Today I had a look at the trailer and then posted it in the sidebar. Then I read some of the comments on Youtube. The oft-frenzied feedback shooting in every direction, it’s clever, it’s sometimes a little foolish but people react to things. One woman named Fiona wrote, “I think the trailer is meant to be really boring because I think the movie is about a couple who had an uninteresting life and they feel like they missed out…at least, thats the impression I get but I’m not sure.” A gentleman named Perez then sounded off in return (in his case I copied the quote verbatim, language and spelling faithfully replicated), “All i have to say is WTF why would you make a movie about old peoples lives this is the most boring trailer i have ever seen i need some fire fights bombs going off people screaming then i might go see it!” Well, Mr. Perez, I do agree with you about the fire fights and bombs going off, and the people screaming bit.

I moved on, continuing my search for some substantial writing concerning Mr. Leigh, who is Jewish and who is also a theatre man (and a successful one at that). My first initiative was to visit our Australian friends at Senses of Cinema, the venerable movies publication which publishes lengthy profiles and essays. I couldn’t really find what I wanted and knocked around the site until I saw their Top Tens section. The principle is evidently the same everywhere (here at Screen Comment we decided to up the ante and published our own index, except that there are over nine hundred movies listed and it’s called “One Hundred Years of Must-See Films”—in fact, I’m in the process of finalizing the new edition).

One Top Ten list in particular caught my attention. Its author was listed as being twenty one years-old. Struth is he a young ‘un! To me, that age doesn’t really scream cinephilia. The movies that came out that year were Look who’s talking, Back to the Future II and When Harry met Sally, among others. I was born the year A clockwork orange, Klut” and “The last picture show” saw light of day. Am I being overly symbolic? Probably. Can’t a twenty one year-old already be earning their stripes? M-ok. But my gut reaction was it. So, I gasped, then shock gave way to cynicism and then I started to look for the editor’s contact information to complain. Because seriously, how can a twenty one year-old be savy enough to compile a top ten list that’s going to stand out?

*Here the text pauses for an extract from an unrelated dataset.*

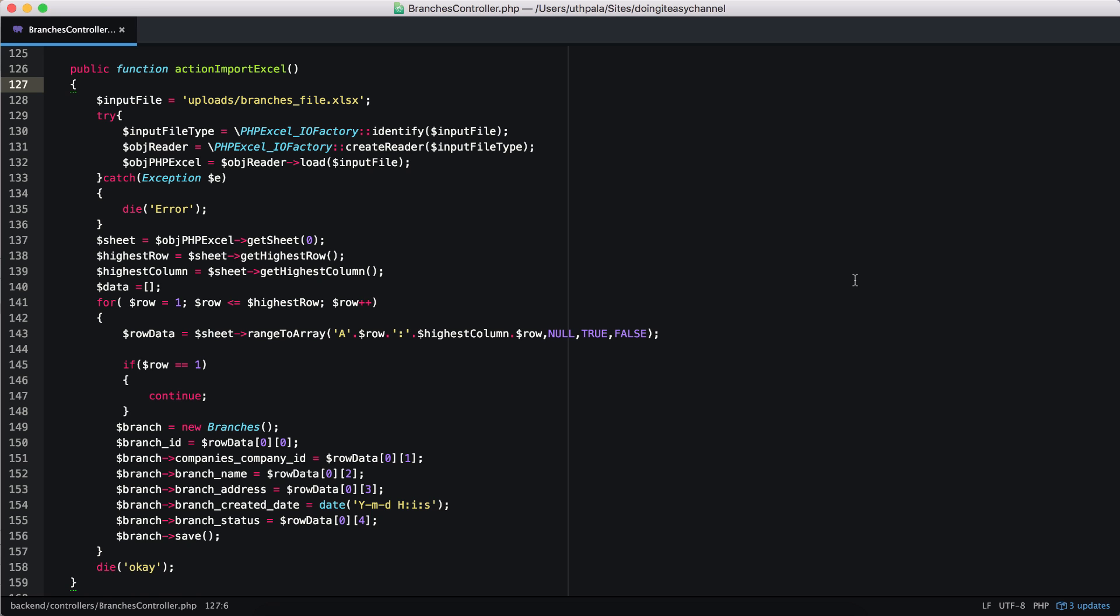Well, a batch insert is a way that you can enter multiple number of records at once to the database.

And then I started to read his choices, choices which are eclectic, to be sure, and very personal, but here’s a cinephile who’s been places. There’s some Matthew Barney (Drawing Restraint No. 9), Hou Hsiao-Hsien (Café Lumière), Béla Tarr, Kitano (Dolls) ,Cyclo by Anh Hung Tran and Harmony Korine’s Gummo. Hurray for that last choice, especially. So to Mr. 21 aka Daniel Gast, student from the Netherlands, Goed gedaan! Meanwhile, “Another Year” still hasn’t been reviewed by me. Might be a good time to call my crack team of fellow writers to the rescue.